Save A vibrant, satisfying pasta dish featuring plant-based pea protein, tender vegetables, and a rich, creamy pesto sauce—all cooked in a single pot for easy cleanup.
This cozy chicken stew is a family favorite that I first served on a chilly autumn evening and it was an instant hit.
Ingredients
- Pasta & Protein: 300 g (10.5 oz) short pasta (e.g., penne, fusilli use gluten-free if desired)

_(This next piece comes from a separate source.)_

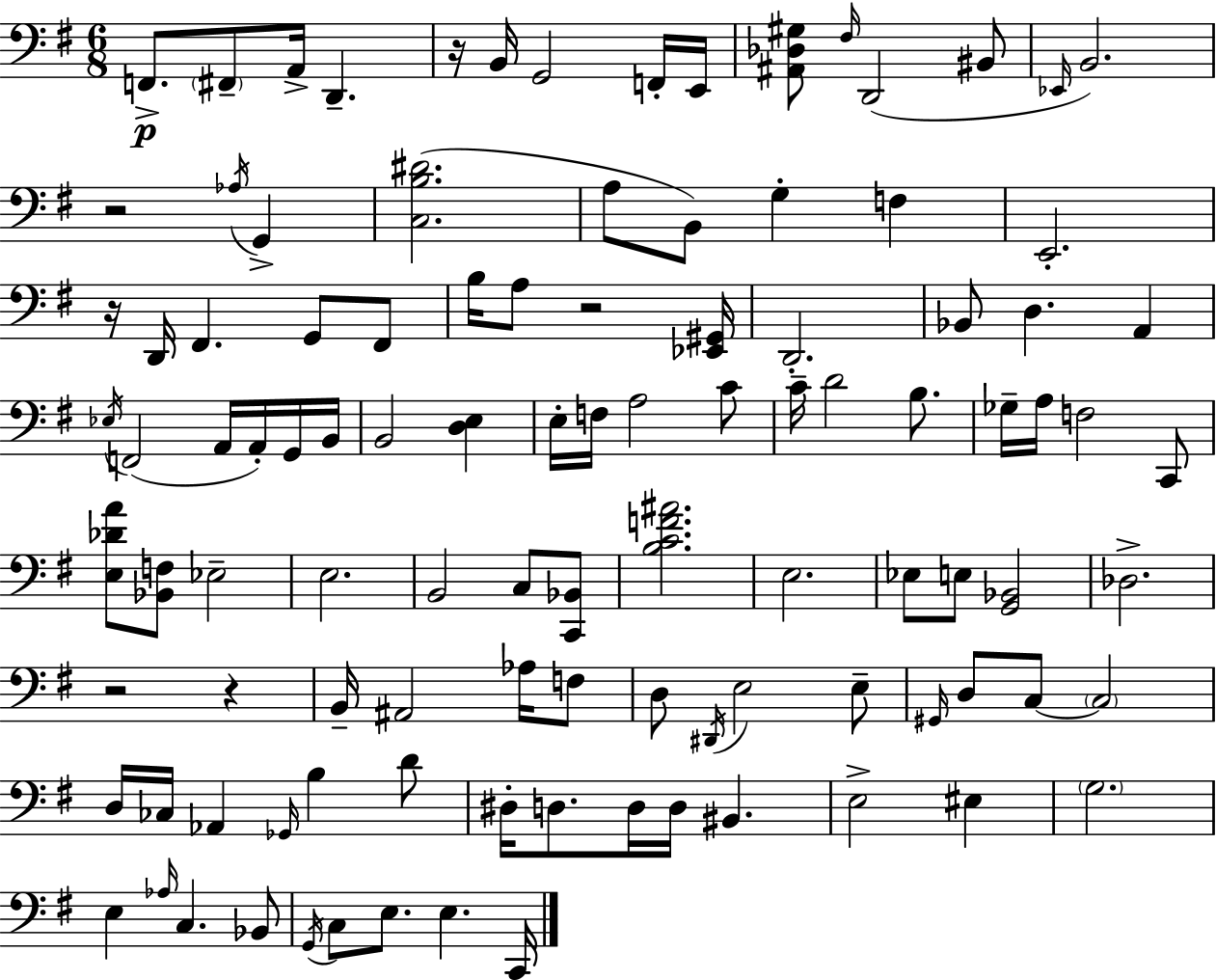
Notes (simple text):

F2/e. F#2/e A2/s D2/q. R/s B2/s G2/h F2/s E2/s [A#2,Db3,G#3]/e F#3/s D2/h BIS2/e Eb2/s B2/h. R/h Ab3/s G2/q [C3,B3,D#4]/h. A3/e B2/e G3/q F3/q E2/h. R/s D2/s F#2/q. G2/e F#2/e B3/s A3/e R/h [Eb2,G#2]/s D2/h. Bb2/e D3/q. A2/q Eb3/s F2/h A2/s A2/s G2/s B2/s B2/h [D3,E3]/q E3/s F3/s A3/h C4/e C4/s D4/h B3/e. Gb3/s A3/s F3/h C2/e [E3,Db4,A4]/e [Bb2,F3]/e Eb3/h E3/h. B2/h C3/e [C2,Bb2]/e [B3,C4,F4,A#4]/h. E3/h. Eb3/e E3/e [G2,Bb2]/h Db3/h. R/h R/q B2/s A#2/h Ab3/s F3/e D3/e D#2/s E3/h E3/e G#2/s D3/e C3/e C3/h D3/s CES3/s Ab2/q Gb2/s B3/q D4/e D#3/s D3/e. D3/s D3/s BIS2/q. E3/h EIS3/q G3/h. E3/q Ab3/s C3/q. Bb2/e G2/s C3/e E3/e. E3/q. C2/s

- Pasta & Protein: 200 g (7 oz) pea protein crumbles or chunks (shelf-stable or refrigerated)
- Vegetables: 1 medium onion, finely chopped
- Vegetables: 2 cloves garlic, minced
- Vegetables: 150 g (1 cup) frozen peas
- Vegetables: 120 g (1 cup) cherry tomatoes, halved
- Vegetables: 2 cups baby spinach leaves
- Sauce & Liquid: 700 ml (3 cups) vegetable broth
- Sauce & Liquid: 120 ml (1/2 cup) unsweetened plant-based cream (oat or soy recommended)

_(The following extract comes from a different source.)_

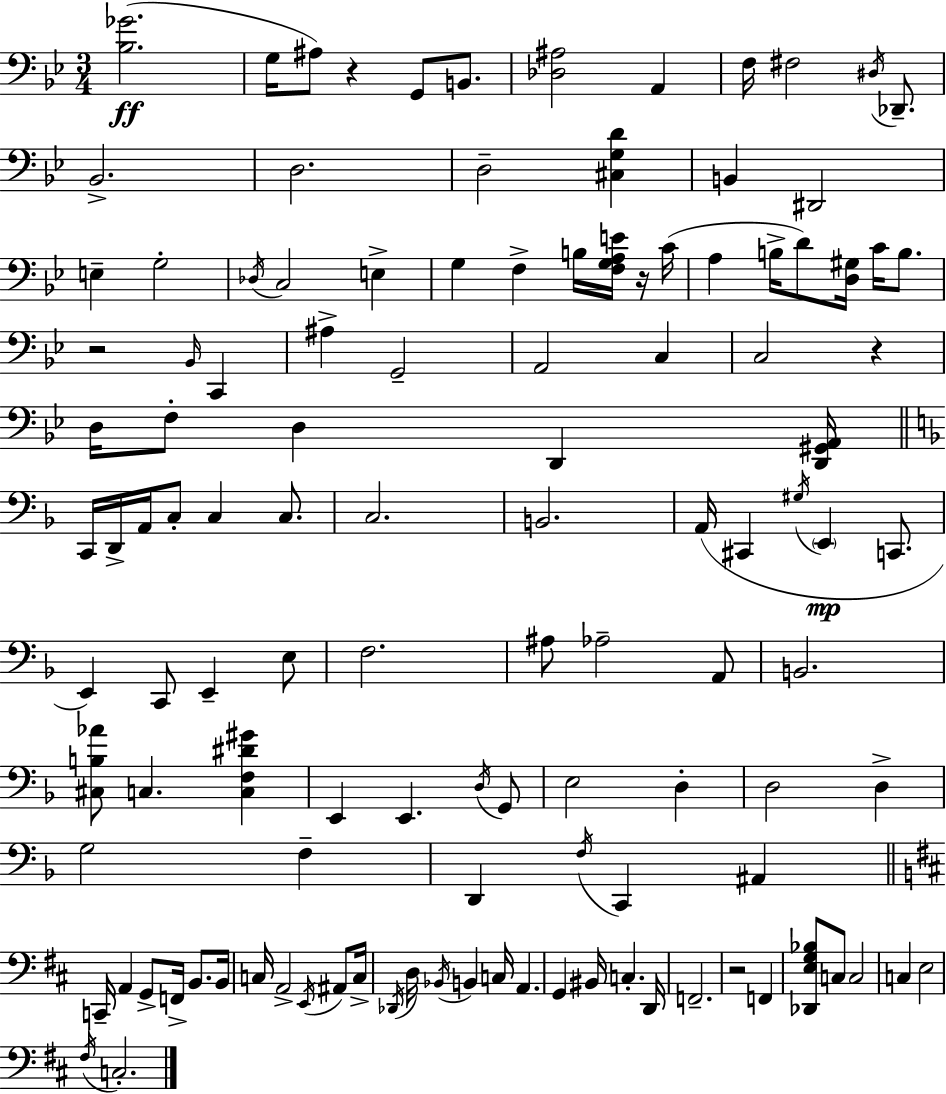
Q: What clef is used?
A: bass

- Sauce & Liquid: 100 g (1/2 cup) prepared green pesto (store-bought or homemade vegetarian)
- Sauce & Liquid: 2 tbsp grated Parmesan or vegan alternative
- Sauce & Liquid: 1 tbsp olive oil
- Sauce & Liquid: Salt and freshly ground black pepper, to taste
Instructions
- Step 1:
- Heat the olive oil in a large deep skillet or pot over medium heat. Add onion and sauté for 23 minutes until softened. Add garlic and cook for 1 minute more.
- Step 2:
- Stir in the pea protein crumbles and cook for 2 minutes until lightly browned.
- Step 3:
- Add the pasta, vegetable broth, and plant-based cream. Stir to combine. Bring to a boil, then reduce heat to medium-low. Simmer uncovered for 8–10 minutes, stirring frequently.
- Step 4:
- Add frozen peas, cherry tomatoes, and pesto. Continue cooking for 57 minutes, stirring occasionally, until pasta is al dente and most of the liquid is absorbed.
- Step 5:
- Stir in the spinach and Parmesan. Cook for 12 minutes until spinach is wilted and sauce is creamy.
- Step 6:
- Season with salt and pepper to taste. Serve hot, garnished with extra Parmesan if desired.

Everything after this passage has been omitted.